A Brief Mention of the Parse Phase
Just a quick note on how expressions are pared within Alteryx. If you try some of these examples, you will find the expression is evaluated over and over. Alteryx runs a parse phase where it evaluates the expression. It checks syntax and makes sure all is well. If you have a custom function, you will be passed 0
or an empty string where you would get a data field. This allows Alteryx to check syntax and understand the structure of the expression. The code below shows the output of the following expression:
IIF(LOG([Alpha], "C:\Temp\Logic.log", "Condition") = "A", LOG(100, "C:\Temp\Logic.log", "True"), LOG(-100, "C:\Temp\Logic.log", "False") )
With an input of:
Alpha |
---|
A |
B |
When you work with the formula editor the expression is evaluated on first lost, then on every keypress so you end up with a log file full of entries. The sequence below shows what happens when the editor is first loaded:
True False Condition True False Condition Condition True
This same sequence happens on every keypress in the editor as it re-evaluates the expression. The first 6 lines are the parse phase being run twice (not sure why it runs it twice), followed by the last 2 evaluating a single test record.

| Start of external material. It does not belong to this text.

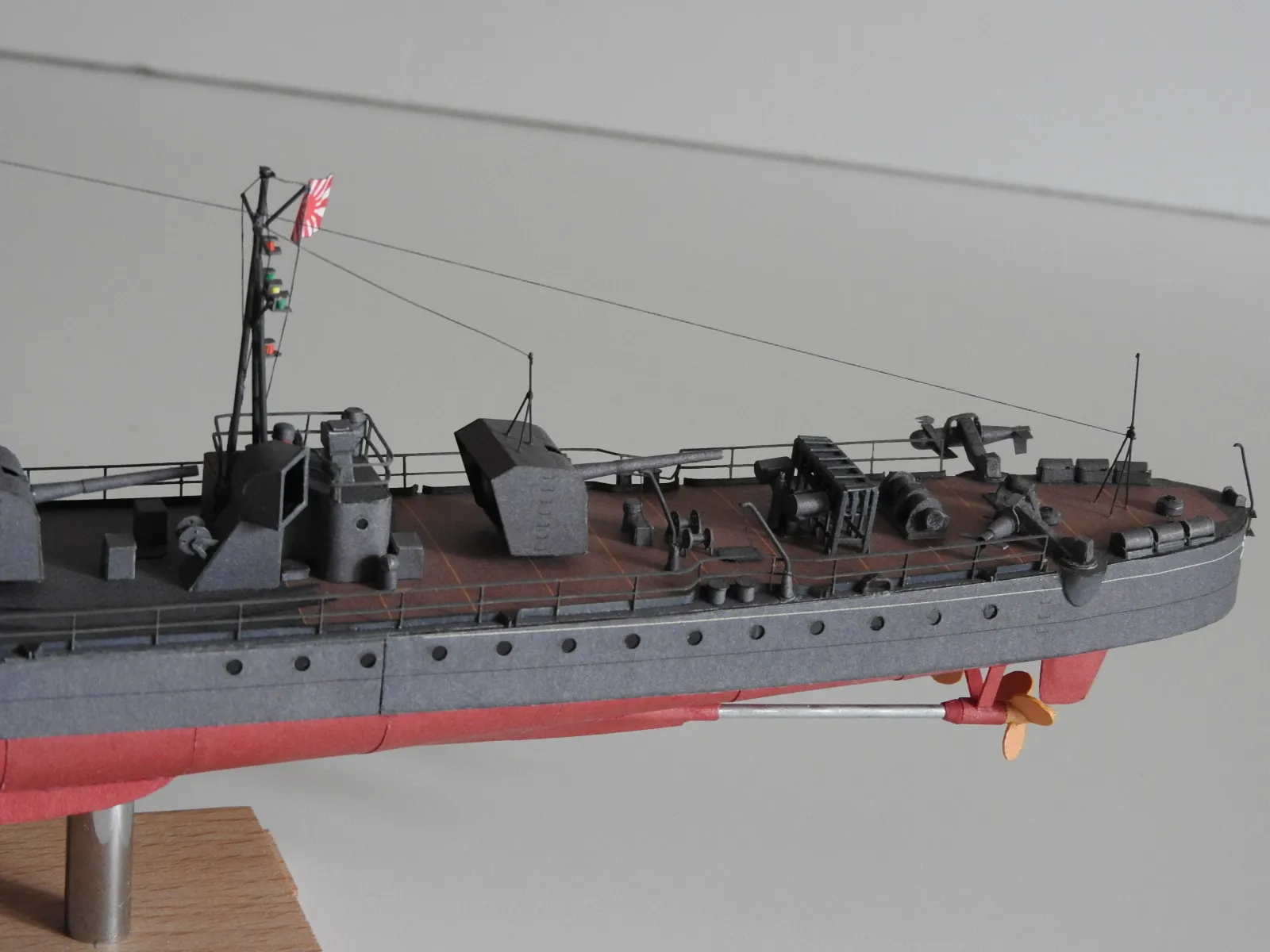 Модель корабля Миноносец "Кидзи" - Верфь на Столе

If we now run the workflow, we get the following logs:
True False Condition Condition True Condition False
In this case, you can see the parse is run (first three lines). Then each record is evaluated in turn (2 lines for each record). When I first tried the variable functions, the parse caused me a little issue as got an extra call I didn’t expect.
Summing Up
Hopefully, some of the odd and outputs from expressions might make some sense now. As functions get more complicated (and time to execute increases), thinking about how an expression is evaluated becomes more and more important.